王貞治の練習を見学していた飛雄馬と一徹の前に、花形が高級スポーツカーで現れ、グラウンドを占拠した。抗議する飛雄馬に対し、王は争いを避けて立ち去り、飛雄馬は王を「卑怯者」と誤解する。一方、飛雄馬は睡眠中もギブスを外すことを許されず、姉の明子が外そうとすると一徹は目を閉じたまま制止した。花形は「卑怯者の王と勝負しよう」と飛雄馬を誘い、ブラックシャドーズのピッチャーとしてマウンドに立たせる。ギブス着用の超スローボールは妖気を放つが、王にホームランを打たれる。9回満塁の再対決で、ギブスを外した飛雄馬は豪速球を投げるが、王は守備経験のない飛雄馬の弱点を突いてバント。これはキャッチャーの怪我を防ぐ配慮だったが、飛雄馬は送球に失敗し3失点。敗北を通じて野球の奥深さを実感した飛雄馬であった。
なぜか飛雄馬を気に入り、ブラックシャドーに入れたいと考えている花形は、ノックアウト打法を披露する。
ピッチャーが投げた球を、次々と指定した場所に打つのである。
飛雄馬からこの話を聞いた一徹は、土方仕事の途中で花形邸を見つけたので、思わず庭をのぞき見してみた。

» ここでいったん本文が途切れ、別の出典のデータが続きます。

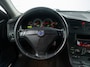 Volvo S60 2.4 140 Pk Trekhaak/Clima/Cruise/Nap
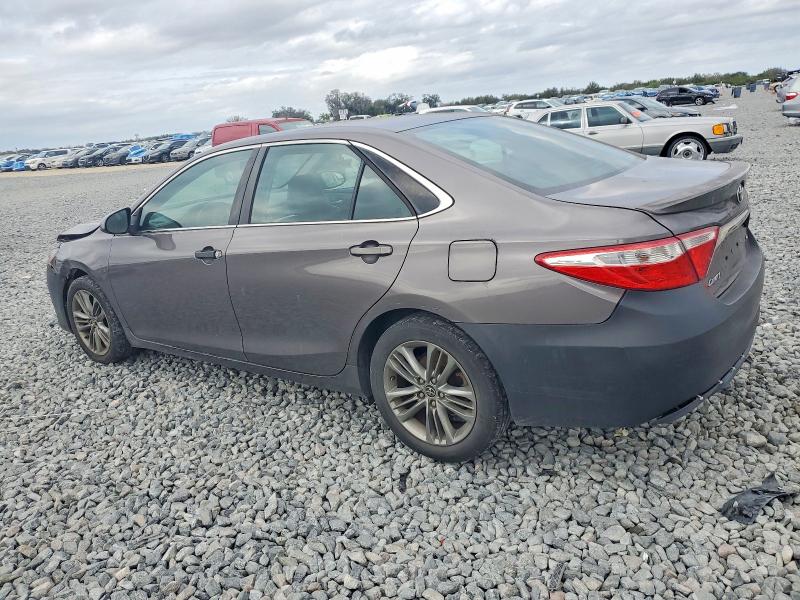 4T1BF1FK8FU063494
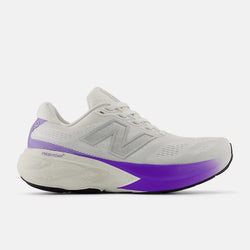 New Balance Fresh Foam X 880v15. Womens. D Wide. reflection/silver metallic/electric indigo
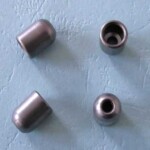 Steel Bicycle Cable Stopper HY-NCS-01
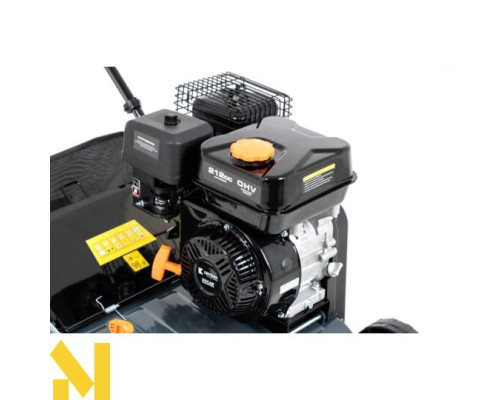 Скарифікатор бензиновий Handy DKW40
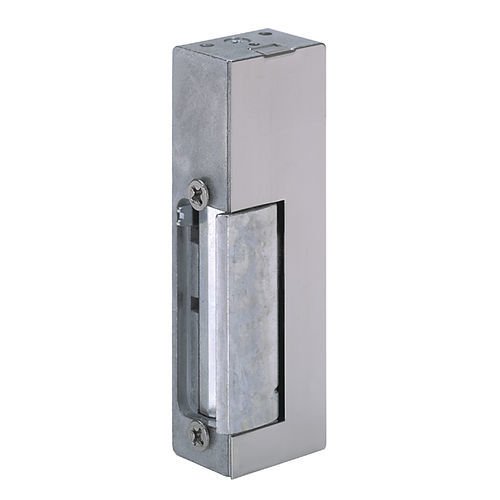 Contra-testa de fechadura elétrica - 14E series - effeff
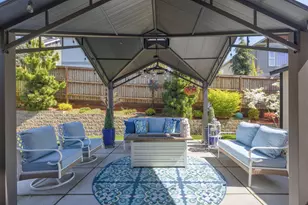 4474 Brownridge Terrace, Medford, OR 97504 - Photo 22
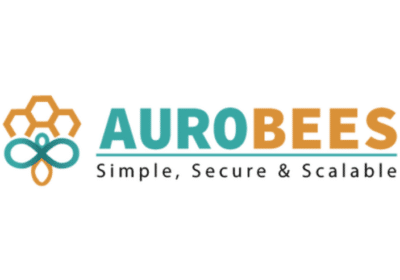 Best Logistics Management Solutions | Aurobees
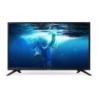 Sharp Aquos 32BC2E 81,3 cm (32") HD Smart TV Wifi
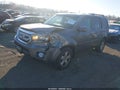 Photo 2 of 15 — 2011 Honda Pilot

中では花形がテニスコートでテニス選手を相手にバットを振っていた。
(相手はテニスラケットなので、軟球なのか?)
練習の様子を見て何やらショックを受けた父ちゃんは、帰ってから飛雄馬に
「お前は花形に勝てぬ!」
と断言。
くやしがりの飛雄馬は、父ちゃんのばか!と怒るのだが……
一徹が用意したのは、火だるまボールの特訓だった。
ボールに体を触れずに一塁へ送球すればいいというのである。
あまりにばかげた練習を前に、「やめてえっ」と叫ぶ姉ちゃん。
しかし特訓はなにやら成功したらしい……
一徹が隠れて見守る中、花形との対決が始まる。
練習の成果あり、飛雄馬はピッチャー急襲の球をスパイクでキックし、みごとにノックアウト打法を破る。いつも私服で野球している飛雄馬がユニフォームを着ている(借りたのだろう)のは、そのためだったか。

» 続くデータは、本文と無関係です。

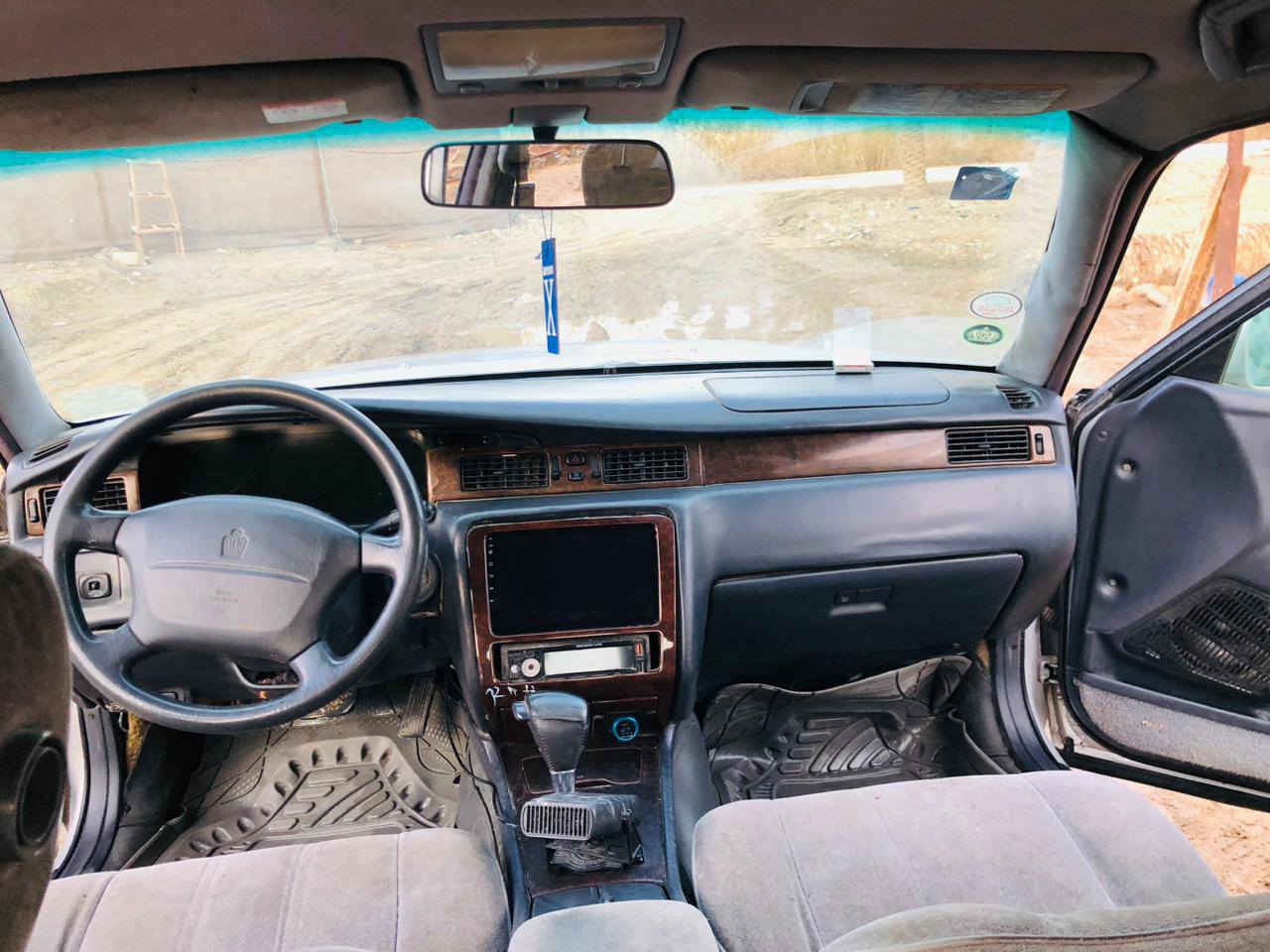 راس الثور للبيع رقم ذي قار ***********
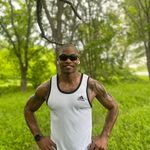 Arthur Blue - @arthur.blue3 - Instagram
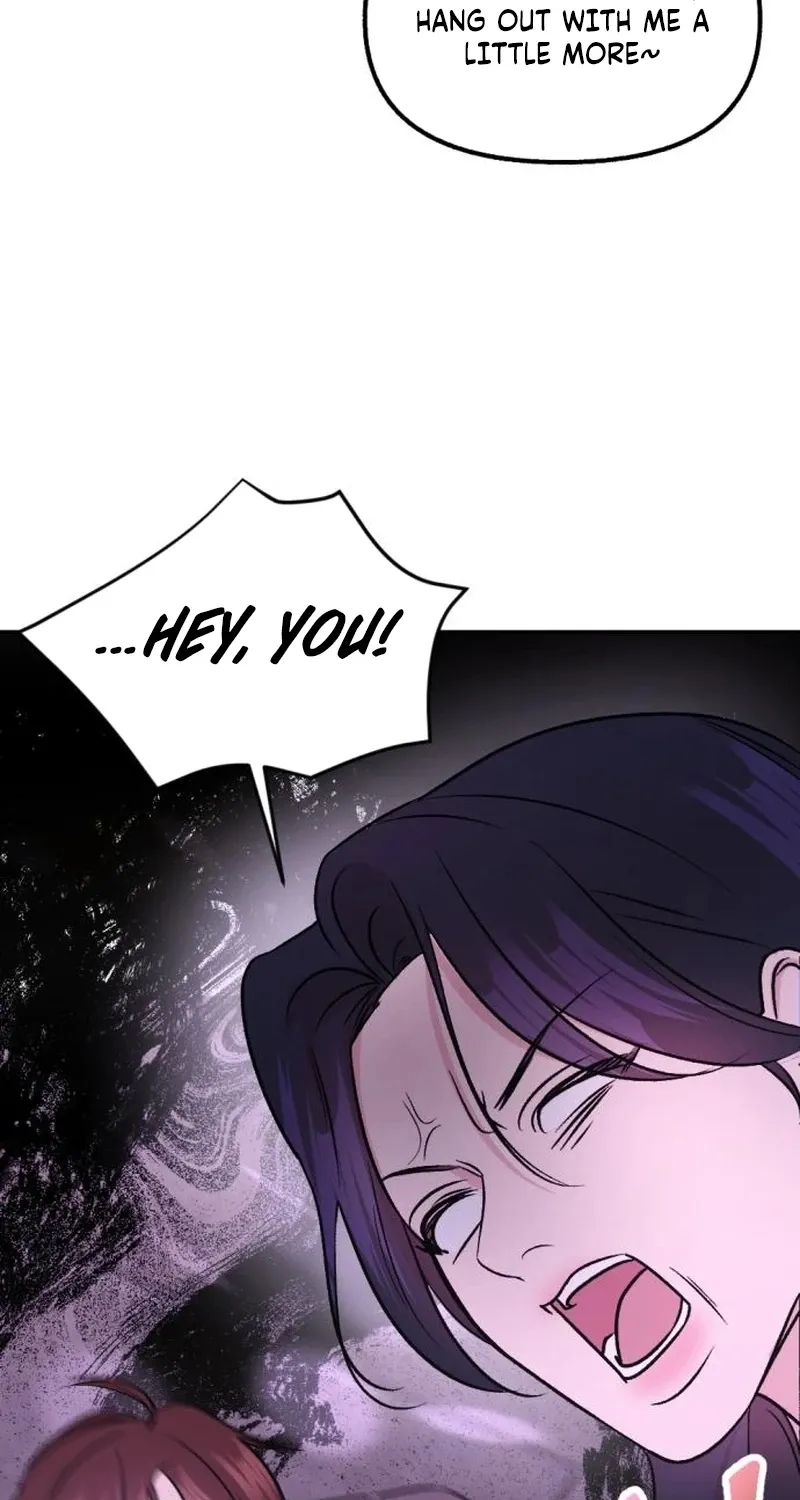 Fragrant Contractual Relationship Chapter 2 page 79 -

しかし、この対策、火の玉特訓までしなくても、別によかったんじゃないか……
敗れた花形は、「君との勝負は永遠に続きそうだな!」と叫ぶや、スポーツカーに飛び乗って去っていく…だから小学生だっつうの!
左手を負傷した飛雄馬は一徹に叱られて左手を吊って登校するが、級友たちに「大げさだ」と馬鹿にされる。悔しさからスイッチピッチャーになろうと右手での投球練習を始める飛雄馬。天性の才能で右手のコントロールも徐々に上達していく。ある日、隅田川沿いの倉庫で火事が発生。飛雄馬は対岸から火災報知器に石を投げるが、右手では割れず、左手で投げて成功させる。火事で閉じ込められた子供を救うため倉庫に飛び込むと、無意識に左手をかばっている自分に気づく。左利きの投手としての自分の本質と、一徹の言葉の真意を理解した飛雄馬であった。(第5話|幻のスイッチピッチャー)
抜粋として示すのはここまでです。